DEAD FLY (SQUASHED), AND SOME ACCIDENTAL DOGGING
Or: How I’m not wasting time; I’m curating a much needed cultural experience in the form of a Museum of Terrible First Dates
Hello my lovely subscribers! I’m still in the wilds making art with a bunch of crazy people so here’s a post from deep in the archives. It’s about being a single person in a world made for couples… Hope you enjoy it!
A couple of years ago, while I was wandering around Zagreb with an atrociously bad haircut, I happened upon the Museum of Broken Relationships.
Finally, I thought. A cultural experience I can relate to.
The museum houses a varied collection of artefacts, all of them relics of failed love affairs. There’s a toaster that a man stole from his ex-wife. An axe with which a woman turned her ex-lover’s furniture into firewood. Letters, postcards, records, a house key, a collection of sex toys, a door, a bicycle, a doll, a wig, a mousetrap. Each displayed with its accompanying tale of confounded romance and blighted ardour. Stories of intense, deep, and passionate love that should have lasted forever, but ultimately died in a storm of rage, recrimination and regret.
I spent a very long time in this museum. Partly because the exhibits were interesting, but mainly so I could watch the horror unfolding on the faces of all those people who were visiting the museum with their beloved life partners.
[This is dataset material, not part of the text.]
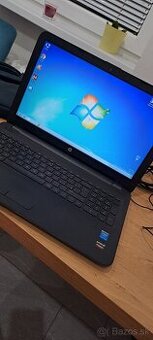 HP 15-ac119nc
“Love dies,” is this museum’s message. “But it does not simply die. It breaks, it shatters, it explodes into a million painful shards that you can never fully extricate from under your skin. The love you’re feeling now will one day transmogrify into rageful contempt and bitter despair. So enjoy it while it lasts! And buy a t-shirt in the gift shop on your way out. Or at least a pencil. You’ll want some small souvenir of the day you destroyed your relationship with your insistence on doing absolutely fucking everything together.”
As a deeply single person, who at the time of my visit was sporting a haircut that made me look like a retired Soviet javelin thrower, and therefore likely to remain single for a long while yet, this experience entertained me immensely. I loitered near a voodoo doll that had been stabbed in the face with long silver hatpins. And I watched as close, loving couples slowly realised they had made a terrible mistake.
I raised an eyebrow as spouses awkwardly disentangled their fingers from one another’s grasp. I smiled as they stopped making eye contact, and worry clouded their individual brows. I chuckled as they drifted apart, each turning down a different hallway. Alone.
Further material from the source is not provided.